You will be redirected back to your article in seconds

Feel-good pics make strong showing for SAG

Award Season Focus: The Actor & The Actress

When it comes to the tenor of the films the Screen Actors Guild membership chose for their nominees this year, an emphasis on humor won out over darker-toned subjects.

Among the noms for the SAG Awards’ version of best picture, which recognizes a performance by a cast, are the lighthearted silent pastiche “The Artist,” the raucous summer hit “Bridesmaids,” the bittersweet dramedy “The Descendants,” the colorfully drawn civil-rights saga “The Help,” and Woody Allen’s latest confection, “Midnight in Paris.”

“It’s an interesting phenomenon this year,” says Los Angeles Film Festival artistic director David Ansen. “I think maybe people are so oppressed by the economy, they want to have a good time and are turning to either comedies or feel-good movies. It’s probably the frothiest bunch of films in a long time.”

USA Today film critic Claudia Puig argues it could also just be about the membership “being tired of serious films about weighty subjects that seem aimed squarely at getting awards.”

When it comes to individual performance races, though, there is a mixture of new names and established faces.

Though A-listers George Clooney (“The Descendants”), Brad Pitt (“Moneyball”) and Leonardo DiCaprio (“J. Edgar”) mark the lead actor category, what popped out was the inclusion of Mexican actor Demian Bichir for his understated turn as an undocumented alien living in East L.A. in “A Better Life.”

“That was a happy surprise,” says Puig. “Often these nominees are mainstream actors, but Bichir is certainly not a household name. It was a wonderful performance.”

The category boasts another newcomer as well — Jean Dujardin as a silent film star in “The Artist” — but he’s been riding a wave of awards hype. “He and Jessica Chastain are kind of the belles of the ball this year,” says Ansen.

Supporting actress contender Chastain — up for her turn as a guileless sexpot in “The Help” — was wildly busy in 2011 with six films and likely could have been nominated for her perf in two or three of the pics.

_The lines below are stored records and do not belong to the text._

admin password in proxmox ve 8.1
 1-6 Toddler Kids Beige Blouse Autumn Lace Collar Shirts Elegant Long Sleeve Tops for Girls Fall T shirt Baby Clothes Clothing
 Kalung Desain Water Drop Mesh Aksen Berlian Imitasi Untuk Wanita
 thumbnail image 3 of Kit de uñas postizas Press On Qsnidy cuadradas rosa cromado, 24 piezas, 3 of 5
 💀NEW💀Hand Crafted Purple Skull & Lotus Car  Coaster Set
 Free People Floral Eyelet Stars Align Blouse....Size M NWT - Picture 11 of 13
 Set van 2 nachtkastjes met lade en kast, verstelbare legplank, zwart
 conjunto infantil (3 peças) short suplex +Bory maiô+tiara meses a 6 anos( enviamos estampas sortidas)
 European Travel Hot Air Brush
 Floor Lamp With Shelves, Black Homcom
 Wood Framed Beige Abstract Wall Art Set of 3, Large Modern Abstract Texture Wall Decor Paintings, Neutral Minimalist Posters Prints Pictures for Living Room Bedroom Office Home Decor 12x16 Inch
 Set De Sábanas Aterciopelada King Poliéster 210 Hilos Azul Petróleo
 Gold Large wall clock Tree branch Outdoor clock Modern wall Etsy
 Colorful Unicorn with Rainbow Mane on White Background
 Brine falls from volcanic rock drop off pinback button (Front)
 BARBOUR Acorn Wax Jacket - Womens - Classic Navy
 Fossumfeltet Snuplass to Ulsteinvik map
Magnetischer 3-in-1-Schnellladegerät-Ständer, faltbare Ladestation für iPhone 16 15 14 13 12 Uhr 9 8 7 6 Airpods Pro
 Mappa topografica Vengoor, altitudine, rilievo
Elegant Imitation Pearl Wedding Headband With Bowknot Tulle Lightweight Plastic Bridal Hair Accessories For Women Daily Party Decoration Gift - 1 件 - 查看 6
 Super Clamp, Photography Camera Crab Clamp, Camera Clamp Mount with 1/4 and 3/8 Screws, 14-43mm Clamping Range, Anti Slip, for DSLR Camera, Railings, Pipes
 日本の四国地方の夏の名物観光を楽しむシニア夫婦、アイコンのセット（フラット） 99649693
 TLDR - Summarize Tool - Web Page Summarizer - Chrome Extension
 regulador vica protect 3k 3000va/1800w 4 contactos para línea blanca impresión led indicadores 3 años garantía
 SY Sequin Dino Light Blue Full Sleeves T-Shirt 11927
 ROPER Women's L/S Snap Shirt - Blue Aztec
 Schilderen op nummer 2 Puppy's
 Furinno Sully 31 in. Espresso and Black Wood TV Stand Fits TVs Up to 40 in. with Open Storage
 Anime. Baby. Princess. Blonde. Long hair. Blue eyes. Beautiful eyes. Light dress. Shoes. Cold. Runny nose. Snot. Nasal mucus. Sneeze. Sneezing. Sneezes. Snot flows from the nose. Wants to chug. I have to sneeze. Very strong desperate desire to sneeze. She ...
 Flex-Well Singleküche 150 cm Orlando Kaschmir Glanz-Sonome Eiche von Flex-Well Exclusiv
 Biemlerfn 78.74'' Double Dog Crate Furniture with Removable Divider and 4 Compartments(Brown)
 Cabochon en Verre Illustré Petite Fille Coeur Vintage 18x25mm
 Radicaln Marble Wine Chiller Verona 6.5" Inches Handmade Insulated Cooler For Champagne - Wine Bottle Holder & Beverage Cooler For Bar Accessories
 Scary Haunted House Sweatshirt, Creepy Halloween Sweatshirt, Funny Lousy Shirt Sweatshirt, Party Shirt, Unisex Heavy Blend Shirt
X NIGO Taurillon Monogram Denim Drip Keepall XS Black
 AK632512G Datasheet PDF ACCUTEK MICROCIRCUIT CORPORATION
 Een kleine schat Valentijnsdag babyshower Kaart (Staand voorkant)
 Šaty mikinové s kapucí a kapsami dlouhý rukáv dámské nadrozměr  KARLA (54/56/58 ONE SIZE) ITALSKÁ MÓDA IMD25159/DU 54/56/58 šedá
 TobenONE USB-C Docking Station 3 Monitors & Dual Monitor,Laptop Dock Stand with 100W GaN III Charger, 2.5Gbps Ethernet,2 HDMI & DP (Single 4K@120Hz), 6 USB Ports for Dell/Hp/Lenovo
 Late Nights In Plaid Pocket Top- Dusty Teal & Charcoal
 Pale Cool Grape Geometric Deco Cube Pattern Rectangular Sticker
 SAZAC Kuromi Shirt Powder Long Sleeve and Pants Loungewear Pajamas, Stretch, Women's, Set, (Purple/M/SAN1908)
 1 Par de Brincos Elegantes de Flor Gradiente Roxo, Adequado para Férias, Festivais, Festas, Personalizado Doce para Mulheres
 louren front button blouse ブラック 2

The supporting actress category is a deep bunch, starting with Melissa McCarthy for her gonzo turn as a raunchy pal in “Bridesmaids.” The other nominees include Janet McTeer, as a 19th century cross-dresser in “Albert Nobbs”; Berenice Bejo as a rising movie star in “The Artist”; and Octavia Spencer as spitfire maid Minny in “The Help.” It’s the second SAG appearance for McTeer, who earned a lead actress nom in 2000 for her breakthrough movie, “Tumbleweeds.”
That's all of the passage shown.